This book launched the era that became known as the Golden Age of Comic Books. Suddenly, comics were all about action and adventure, whether it be new superheroes or plucky humans taking on baddies in the big city or foreign lands. In 1939, a woman named Tarpe (née June) Mills drew a story called “Daredevil Barry Finn” for the “Amazing Mystery Funnies” book about a daredevil’s plan to foil Hitler and Mussolini. After that, she continued to create characters like the Purple Zombie, Devil’s Dust and the Cat Man for comic books.
In 1940, the Chicago Tribune-New York News syndicate reluctantly accepted an action-adventure comic strip, by a woman about a woman, called “Brenda Starr, Reporter.” Even though Dale Messick, like Tarpe Mills, had changed her name from Dalia so it sounded more masculine, her status as a woman created obstacles for her. While the strip was a hit with readers and ran right up until 2011, Messick was subjected to an endless stream of vitriol from men in the field.
Up until then, nobody had resented the other women cartoonists, but she was getting into men’s territory, the action strip. Before Dale Messick, woman cartoonists all stuck with domestic situations, pretty girls, cute kids, that kind of thing. She was intruding on men’s territory, and they resented it. As the result, men in the industry were not particularly complimentary about her art, and she felt very neglected by them. In 1971, the National Cartoonists Society gave prizefighter Jack Dempsey a ‘sports personality of the year’ award. And Dale Messick was quoted as saying, ‘I see where they’re honoring Jack Dempsey. They never honored me for anything, but they honor Jack Dempsey.’
In April 1941, Tarpe Mills introduced the world to the first major female action heroine, Miss Fury, in a syndicated comic strip. In it, a debutante named Marla Drake inherits a suit of panther skin that had once been an African witch doctor’s ceremonial robe, which she wears to a costume party. On the way to the event, she stops an escaped killer, and thus begins her days as a costumed crime fighter. Drake rarely wears the panther suit, however, as Mills preferred to draw her in fabulous and revealing ’40s fashions in stories akin to film noir. And Miss Fury, too, takes off to confront Nazis in secret enclaves around the world. “She just starts out almost immediately fighting Nazis even though we weren’t at war with the Nazis yet,” Robbins says.

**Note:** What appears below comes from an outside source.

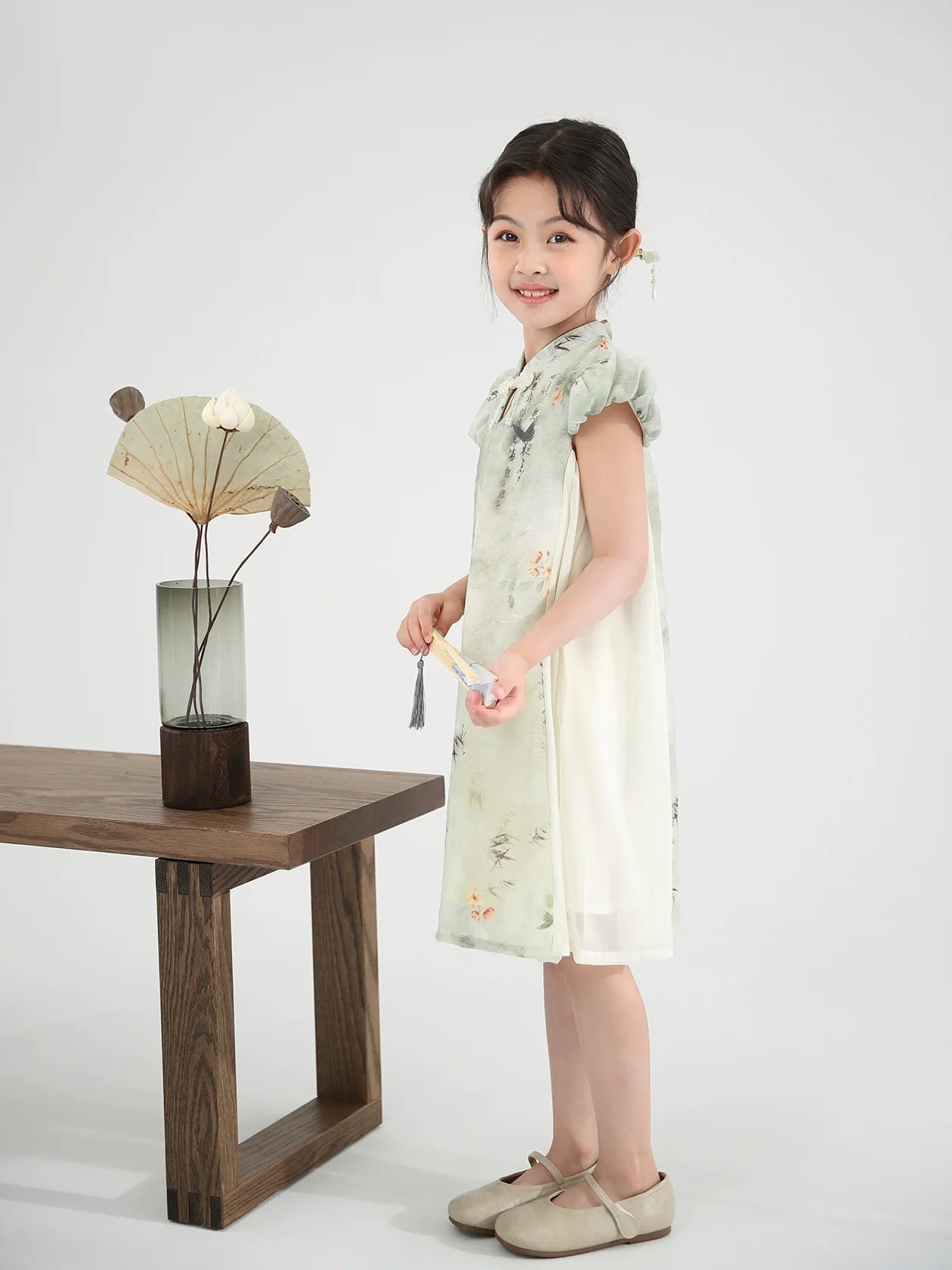 Clover - New Chinese Style Cheongsam for Girls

Miss Fury paved the way for dozens of comic book heroines like her, mostly drawn and written by men, including Phantom Lady, Miss Masque and Spider Widow. The most famous was Wonder Woman, conceived as a proto-feminist character by a psychologist named William Moulton Marston, who wanted to teach girls to stand up for themselves. Still, it would be 45 years before a woman would have any input into the stories and art for Wonder Woman, who debuted in December 1941, right around the time the attack on Pearl Harbor brought America into World War II.
At that time, many of the young men who were drawing and writing comic books enlisted to fight in the war. Robbins explains,
As in every other industry, the guys are gone, and the women take their place. Women did things they’d never done before, including driving commercial trucks and buses, working in all the factories that are making planes and drawing action comics for comic books. Almost invariably, they drew these beautiful, confident, fabulous action heroines who could handle anything. They rescue the guy and remain beautiful at the same time.
The publishing company Fiction House hired the most women in the ’40s. They published six themed titles—“Jumbo,” “Jungle,” “Fight,” “Wings,” “Rangers,” and “Planet”—with sensational stories starring powerful and gorgeous female characters.
Fiction House is my favorite Golden Age comic publisher, if not just my favorite comic publisher, period. The two best women who worked for them were Fran Hopper and Lily Renée. Between them, they had Mysta of the Moon, whom I just love. She’s this beautiful woman who lives on the moon with her trusty robot, and her superpower is that she possesses all the knowledge of the universe. Fran and Lily both drew a character named Jane Martin who was an army nurse turned aviatrix, who fought the Nazis and flew planes.
With the defeat of Hitler in 1945, the popularity of war heroes and superheroes in comic books waned, as titles about crime, horror and love took off. When male cartoonists returned to their jobs, the women who were working by contract were simply not rehired.
“All those great women that they drew also disappeared,” Robbins says. “For instance, Jane Martin, who was the flying nurse, became a journalist and photographer after the war. No more flying.”
Robbins had a special treat at this year’s San Diego Comic-Con, when she got an email from the son of Lily Renée, who said the venerated Golden Age comic artist was visiting him in San Diego and wanted to attend the convention. Renée, who is in her 90s, joined Robbins, who wrote Renée’s biography for a graphic novel, at the Fantagraphics booth for a signing. “People who know her were just thrilled,” Robbins says. “There aren’t a whole lot of the great Golden Age cartoonists left.”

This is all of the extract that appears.